Few understand what real repression is, nor can they comprehend its effect on the minds and livelihoods of those who live under oppression. Step off a resort in Cuba and see firsthand the despair that comes with a lack of political and economic freedom.

Many non-western liberal democracies are evolving into democratic systems using an authoritarian approach to transition. This model exhibits a Confucius-like take on the democratic system where citizens are responsible to the state and vice versa. There is more power in the hands of the state, yet citizens can still vote in elections and have most of the economic benefits and freedoms expected in western democracies.

During the 2019 presidential election, I witnessed this hybrid system for the first time in the Republic of Kazakhstan.

Kazakhstan had not held a democratic election without former President Nursultan Nazarbayev as the candidate since it declared its independence from the Soviet Union in 1991. He ruled for three decades as a strongman and was not shy to use the force of the state to crack down on unrest and protest. He was admired for his ability to navigate the country towards a free-market society from a socialist/communist single market state.  His policies ensured Kazakhstan became a democratic, multi-ethnic, and multi-cultural state where different nationalities live in relative harmony — something that was far from inevitable after the collapse of the Soviet Union.

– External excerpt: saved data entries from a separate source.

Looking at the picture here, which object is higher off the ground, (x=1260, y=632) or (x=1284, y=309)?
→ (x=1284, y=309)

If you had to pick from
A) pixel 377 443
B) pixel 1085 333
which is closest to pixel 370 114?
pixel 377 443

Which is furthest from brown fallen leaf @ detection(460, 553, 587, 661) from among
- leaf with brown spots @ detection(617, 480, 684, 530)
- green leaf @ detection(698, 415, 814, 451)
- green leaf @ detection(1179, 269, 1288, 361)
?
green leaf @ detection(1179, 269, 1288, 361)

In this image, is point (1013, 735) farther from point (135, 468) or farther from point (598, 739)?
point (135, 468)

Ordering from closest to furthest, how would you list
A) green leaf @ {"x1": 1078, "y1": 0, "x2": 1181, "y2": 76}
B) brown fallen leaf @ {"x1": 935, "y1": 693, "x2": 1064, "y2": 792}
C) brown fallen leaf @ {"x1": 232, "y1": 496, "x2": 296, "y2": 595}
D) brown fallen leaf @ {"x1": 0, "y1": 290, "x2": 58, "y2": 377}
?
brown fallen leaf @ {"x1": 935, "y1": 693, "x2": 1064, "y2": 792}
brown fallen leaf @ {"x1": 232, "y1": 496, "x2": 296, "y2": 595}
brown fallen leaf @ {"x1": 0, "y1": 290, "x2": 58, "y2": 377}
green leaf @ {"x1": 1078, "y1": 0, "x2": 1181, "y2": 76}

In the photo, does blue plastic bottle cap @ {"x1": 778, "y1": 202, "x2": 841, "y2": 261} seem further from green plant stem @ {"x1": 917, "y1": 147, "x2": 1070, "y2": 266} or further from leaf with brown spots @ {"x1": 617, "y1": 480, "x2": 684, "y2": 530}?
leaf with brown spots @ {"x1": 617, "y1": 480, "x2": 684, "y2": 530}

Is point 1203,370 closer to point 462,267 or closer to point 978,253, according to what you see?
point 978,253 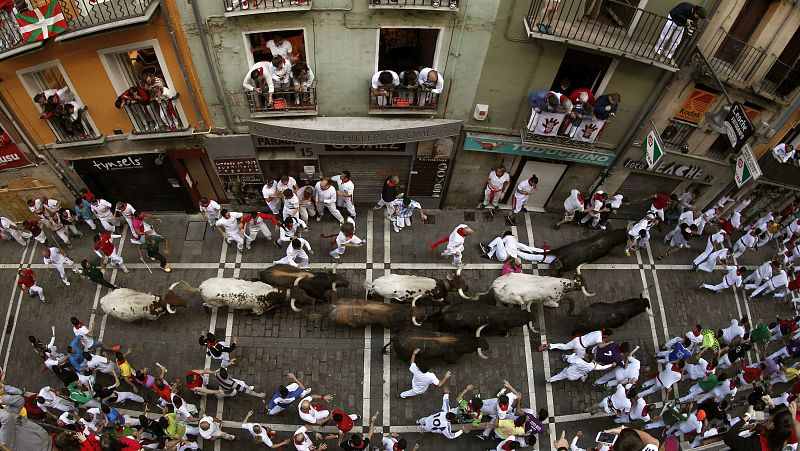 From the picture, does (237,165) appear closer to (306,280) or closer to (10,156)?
(306,280)

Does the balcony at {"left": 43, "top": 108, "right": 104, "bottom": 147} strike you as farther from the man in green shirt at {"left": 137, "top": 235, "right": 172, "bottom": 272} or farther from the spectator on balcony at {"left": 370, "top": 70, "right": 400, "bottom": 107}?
the spectator on balcony at {"left": 370, "top": 70, "right": 400, "bottom": 107}

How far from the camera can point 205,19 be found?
14703 millimetres

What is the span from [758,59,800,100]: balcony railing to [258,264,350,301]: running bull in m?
14.4

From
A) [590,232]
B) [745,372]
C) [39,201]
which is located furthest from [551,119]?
[39,201]

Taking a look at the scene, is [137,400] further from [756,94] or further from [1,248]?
[756,94]

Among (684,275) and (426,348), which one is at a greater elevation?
(684,275)

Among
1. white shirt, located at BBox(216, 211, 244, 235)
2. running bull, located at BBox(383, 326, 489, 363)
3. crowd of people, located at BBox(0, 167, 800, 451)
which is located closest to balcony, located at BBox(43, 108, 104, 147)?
crowd of people, located at BBox(0, 167, 800, 451)

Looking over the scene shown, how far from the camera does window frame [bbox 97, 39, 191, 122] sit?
1523cm

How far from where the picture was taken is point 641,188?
2039 cm

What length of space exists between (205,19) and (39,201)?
9.23 metres

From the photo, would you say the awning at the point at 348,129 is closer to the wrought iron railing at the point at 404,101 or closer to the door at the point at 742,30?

Nazarbayev instituted a parliamentary system with legislative power vested in the government and the chambers of parliament: the Assembly (Mazhilis) and the Senate (Senaty). The president is elected separately and is the commander in chief of the armed forces, and has the authority to veto legislation passed by the Parliament.  

When Nazarbayev resigned in March 2019, he appointed a successor Kassym-Jomart Tokayev. Pre-election day in the capital, life seemed to be rolling along as normal despite the vast shake to the political system. People appeared content and wandered the capital of Nur-Sultan freely. Western clothing brands and iPhones were ubiquitous. At the large shopping mall in Nur-Sultan, the Khan Shatyr, the country’s prosperity was evident everywhere. It felt as if I was in any other Western nation. People freely approached me asking where I was from, what was I doing in Kazakhstan, and how I was liking the country? A taxi driver in broken English told me of his intention to vote for the Communist Peoples Party.

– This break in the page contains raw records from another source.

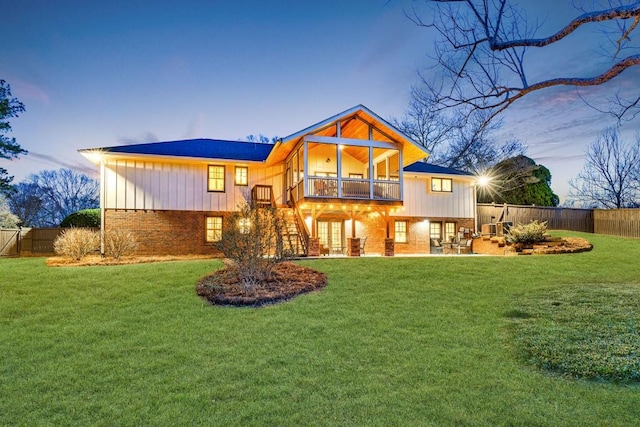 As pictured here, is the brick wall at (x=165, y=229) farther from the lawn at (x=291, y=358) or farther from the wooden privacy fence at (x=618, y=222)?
the wooden privacy fence at (x=618, y=222)

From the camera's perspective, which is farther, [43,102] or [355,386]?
[43,102]

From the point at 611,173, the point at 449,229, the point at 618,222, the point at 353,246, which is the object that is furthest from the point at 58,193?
the point at 611,173

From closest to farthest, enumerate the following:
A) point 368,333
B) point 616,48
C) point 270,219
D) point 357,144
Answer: point 616,48
point 368,333
point 270,219
point 357,144

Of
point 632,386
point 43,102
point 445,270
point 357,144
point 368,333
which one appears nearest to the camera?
point 632,386

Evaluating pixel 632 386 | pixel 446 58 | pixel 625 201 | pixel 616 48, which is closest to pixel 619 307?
pixel 632 386

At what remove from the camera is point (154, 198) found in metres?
15.8

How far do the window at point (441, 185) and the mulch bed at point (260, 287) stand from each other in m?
12.3

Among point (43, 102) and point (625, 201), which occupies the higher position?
point (43, 102)

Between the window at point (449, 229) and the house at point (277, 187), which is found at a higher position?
the house at point (277, 187)

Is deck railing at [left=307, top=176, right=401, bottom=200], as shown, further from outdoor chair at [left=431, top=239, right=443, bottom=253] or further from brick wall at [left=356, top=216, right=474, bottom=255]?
outdoor chair at [left=431, top=239, right=443, bottom=253]

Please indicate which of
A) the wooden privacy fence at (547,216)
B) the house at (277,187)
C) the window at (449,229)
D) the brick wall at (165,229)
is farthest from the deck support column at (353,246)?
the wooden privacy fence at (547,216)

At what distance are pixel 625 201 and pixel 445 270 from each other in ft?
76.2

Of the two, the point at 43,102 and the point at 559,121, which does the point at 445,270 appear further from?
the point at 43,102

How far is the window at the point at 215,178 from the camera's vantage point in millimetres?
16625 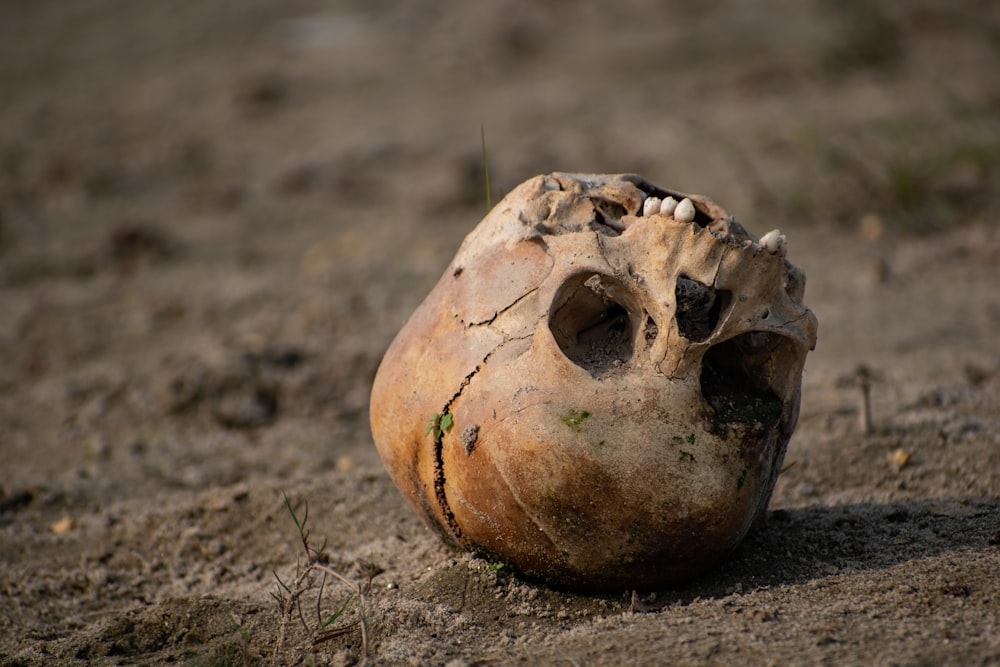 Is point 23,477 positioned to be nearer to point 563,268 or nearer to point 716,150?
point 563,268

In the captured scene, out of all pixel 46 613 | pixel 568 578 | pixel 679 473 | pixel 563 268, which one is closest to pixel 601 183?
pixel 563 268

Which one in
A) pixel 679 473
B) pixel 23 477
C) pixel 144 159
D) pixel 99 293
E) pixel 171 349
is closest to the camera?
A: pixel 679 473

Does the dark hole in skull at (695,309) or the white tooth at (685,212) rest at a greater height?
the white tooth at (685,212)

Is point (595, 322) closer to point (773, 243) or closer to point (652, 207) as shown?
point (652, 207)

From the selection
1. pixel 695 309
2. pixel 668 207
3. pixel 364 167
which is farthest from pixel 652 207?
pixel 364 167

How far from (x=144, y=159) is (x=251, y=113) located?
136cm

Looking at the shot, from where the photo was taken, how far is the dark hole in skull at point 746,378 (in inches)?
107

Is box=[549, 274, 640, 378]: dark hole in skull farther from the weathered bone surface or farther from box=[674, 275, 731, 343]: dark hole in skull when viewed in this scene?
box=[674, 275, 731, 343]: dark hole in skull

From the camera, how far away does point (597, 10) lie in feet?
39.8

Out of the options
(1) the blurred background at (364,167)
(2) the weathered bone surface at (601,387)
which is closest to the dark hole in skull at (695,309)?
(2) the weathered bone surface at (601,387)

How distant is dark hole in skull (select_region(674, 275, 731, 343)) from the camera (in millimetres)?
2766

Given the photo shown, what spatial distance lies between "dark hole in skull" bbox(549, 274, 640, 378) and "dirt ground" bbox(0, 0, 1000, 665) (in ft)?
2.20

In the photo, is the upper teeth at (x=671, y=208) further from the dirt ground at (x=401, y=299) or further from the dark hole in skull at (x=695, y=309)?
the dirt ground at (x=401, y=299)

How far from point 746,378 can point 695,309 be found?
0.26 meters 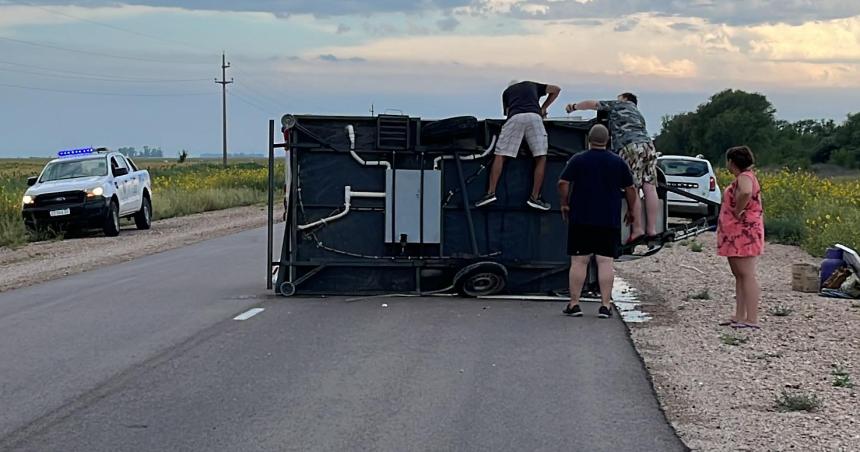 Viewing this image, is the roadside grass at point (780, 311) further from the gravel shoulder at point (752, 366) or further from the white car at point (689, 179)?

June 9, 2019 was election day. I watched former President Nazarbayev cast his vote in front of hundreds of international journalists at the Youth Palace (a large and aggressively modern community centre). I also witnessed a couple dozen Kazakhs vote.

Later in the day the Youth Palace would become the focal point for demonstrations that saw a wave of mass arrests. Initial reports referred to several hundred being arrested, but the Associated Press would later report that   four thousand were detained nationwide, while videos from the BBC showed paramilitaries in camouflage uniforms dragging away some protestors.

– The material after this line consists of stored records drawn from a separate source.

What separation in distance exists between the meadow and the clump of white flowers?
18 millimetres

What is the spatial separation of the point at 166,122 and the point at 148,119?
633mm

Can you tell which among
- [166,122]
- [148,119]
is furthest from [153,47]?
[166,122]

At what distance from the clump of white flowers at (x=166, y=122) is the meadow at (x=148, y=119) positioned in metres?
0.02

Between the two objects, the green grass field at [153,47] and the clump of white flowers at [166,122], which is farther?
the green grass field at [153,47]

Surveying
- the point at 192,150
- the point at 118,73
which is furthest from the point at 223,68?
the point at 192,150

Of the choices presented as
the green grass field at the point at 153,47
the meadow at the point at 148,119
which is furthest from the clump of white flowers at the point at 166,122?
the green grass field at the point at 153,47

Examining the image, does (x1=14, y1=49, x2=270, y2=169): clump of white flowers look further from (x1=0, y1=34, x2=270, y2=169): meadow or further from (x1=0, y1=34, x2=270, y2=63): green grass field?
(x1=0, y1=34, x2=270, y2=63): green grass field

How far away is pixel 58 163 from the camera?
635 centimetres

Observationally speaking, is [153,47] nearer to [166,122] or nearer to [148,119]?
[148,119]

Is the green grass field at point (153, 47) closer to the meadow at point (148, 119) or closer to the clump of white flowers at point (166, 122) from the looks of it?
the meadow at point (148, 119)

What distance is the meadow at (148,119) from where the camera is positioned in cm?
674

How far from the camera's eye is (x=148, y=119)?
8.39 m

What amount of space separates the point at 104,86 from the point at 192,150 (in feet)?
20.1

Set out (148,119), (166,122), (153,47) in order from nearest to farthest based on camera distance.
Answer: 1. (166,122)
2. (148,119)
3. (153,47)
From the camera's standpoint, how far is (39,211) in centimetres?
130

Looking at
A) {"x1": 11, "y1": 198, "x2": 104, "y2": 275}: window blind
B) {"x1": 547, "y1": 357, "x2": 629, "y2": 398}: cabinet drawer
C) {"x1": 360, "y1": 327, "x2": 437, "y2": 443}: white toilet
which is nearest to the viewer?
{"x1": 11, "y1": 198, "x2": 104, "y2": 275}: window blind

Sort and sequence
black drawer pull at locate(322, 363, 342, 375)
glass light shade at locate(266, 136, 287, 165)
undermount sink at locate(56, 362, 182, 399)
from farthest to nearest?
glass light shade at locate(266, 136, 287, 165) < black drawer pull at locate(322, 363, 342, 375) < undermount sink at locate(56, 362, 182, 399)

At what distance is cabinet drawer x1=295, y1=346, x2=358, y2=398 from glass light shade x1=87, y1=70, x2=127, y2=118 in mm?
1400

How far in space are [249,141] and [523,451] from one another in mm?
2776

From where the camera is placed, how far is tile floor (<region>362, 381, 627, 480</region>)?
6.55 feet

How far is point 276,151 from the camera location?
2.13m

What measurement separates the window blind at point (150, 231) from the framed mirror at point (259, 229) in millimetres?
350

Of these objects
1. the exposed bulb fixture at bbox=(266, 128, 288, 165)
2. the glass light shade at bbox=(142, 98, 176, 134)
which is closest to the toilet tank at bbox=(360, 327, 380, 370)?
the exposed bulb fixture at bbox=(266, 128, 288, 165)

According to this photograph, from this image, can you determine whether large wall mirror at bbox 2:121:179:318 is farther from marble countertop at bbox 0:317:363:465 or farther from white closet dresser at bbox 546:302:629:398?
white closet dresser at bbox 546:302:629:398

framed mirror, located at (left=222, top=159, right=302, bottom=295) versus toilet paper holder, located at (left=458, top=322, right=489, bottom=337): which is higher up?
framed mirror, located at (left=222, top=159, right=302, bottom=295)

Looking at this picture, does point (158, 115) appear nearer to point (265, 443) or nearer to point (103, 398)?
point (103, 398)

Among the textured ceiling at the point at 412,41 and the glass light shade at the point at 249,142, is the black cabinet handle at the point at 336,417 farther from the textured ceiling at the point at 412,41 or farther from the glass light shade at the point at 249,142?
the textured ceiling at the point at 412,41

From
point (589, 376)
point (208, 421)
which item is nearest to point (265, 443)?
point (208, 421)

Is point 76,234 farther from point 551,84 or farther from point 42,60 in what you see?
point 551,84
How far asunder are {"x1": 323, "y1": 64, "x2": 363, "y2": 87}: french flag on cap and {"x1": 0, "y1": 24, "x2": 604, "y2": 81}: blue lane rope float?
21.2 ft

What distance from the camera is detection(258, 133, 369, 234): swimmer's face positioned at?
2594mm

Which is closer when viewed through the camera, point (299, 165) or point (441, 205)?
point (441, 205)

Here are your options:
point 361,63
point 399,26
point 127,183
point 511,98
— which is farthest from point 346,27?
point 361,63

Unaware of the upheaval, I interviewed the first female presidential candidate running for the Ak Zhol Party, Dania Espaeva. She was full hope for the legitimacy of the elections even though she would only garner around five per cent of the overall vote. As I left Kazakhstan following the election, I saw a large column of military vehicles leaving the capital as I headed to the airport. These were the military troops who were likely called to the capital to deal with the protest I narrowly missed.

Tokayev won the elections with 70 per cent of the vote — not a Vladimir Putin-like super majority in the 90 per cent range but a margin far higher than any Western democratic election and one that might have skeptical Westerners questioning the election integrity. In an interview President Tokayev said that those protesting over social issues would be released, and those that broke the law would be prosecuted. It is interesting that his comments were so straight forward.  They were an acknowledgment of the arrests, not a denial.

I don’t doubt that there are transitional problems in Kazakhstan with their democratic system. The videos of the crackdown on demonstrators show it plain and simple. However, I don’t believe calling the state a dictatorship or undemocratic is fair nor accurate. I did not witness a repression imbedded in the mentality of the Kazakh people like I saw it in Cuba. 

If a Kazakh was to see footage of the mass illegal arrests of thousands of Canadian citizens at the 2010 Toronto G20 there would be very little to contrast with the presidential election arrests in Kazakhstan. The people elected Tokayev president because he represents the continuation of Nazarbayev’s political stability and the growing prosperity of the Kazakhstan people.

It may not be westernized model but it is still a democracy, albeit Asian-styled and more authoritarian.